Poppy Northcutt Continues To Make History

WASHINGTON, D.C. — As we celebrate the successful Apollo 11 mission to the moon, the National Organization of Women would like to recognize Frances “Poppy” Northcutt for her historic contributions to America’s space mission, to gender equality and to legal advocacy for women.

Poppy Northcutt was the first woman to work in an operational support role in the Mission Control Center in Houston during the Apollo program. When she joined NASA directly after graduating from the University of Texas at Austin, she was given the title of “computress.”

“What a weird title this is,” she told TIME magazine, she remembered thinking: “Not only do they think I’m a computer, but they think I’m a gendered computer.”

This month, Americans are learning about Poppy and her colleagues at NASA from the new PBS documentary “Chasing the Moon.”  As she progressed in her career, she began to ask more questions and push back on more of the gender discrimination and inequity she saw every day.  After the Apollo program ended, the mayor of Houston, Texas made her the city’s first Women’s Advocate.
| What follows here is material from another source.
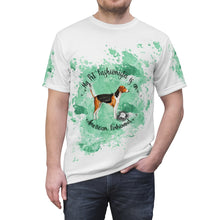 Load image into Gallery viewer, American Foxhound Pet Fashionista All Over Print Shirt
She negotiated an agreement with the Houston Police Department enabling women to become police officers and got the Fire Department to agree to let women be firefighters.
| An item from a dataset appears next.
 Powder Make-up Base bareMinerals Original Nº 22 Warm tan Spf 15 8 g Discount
She led an important pay equity study that examined the entire Houston municipal payroll.  She even counted the number of women’s versus men’s bathrooms throughout all of Houston, helping to bring this number into balance.

After that, she once again reached for the stars by going to law school, becoming a prosecutor and then a criminal defense attorney, working on domestic violence and reproductive rights cases throughout her career.

Poppy Northcutt has been blazing a trail as a NOW activist since her service on NOW’s national Board of Directors in the 1970s, as president of Houston NOW and today, president of Texas NOW.

NOW honors Poppy  Northcutt for her lifelong contributions to women’s history, and for the way she has inspired generations of women whose own careers are building on what Poppy Northcutt began.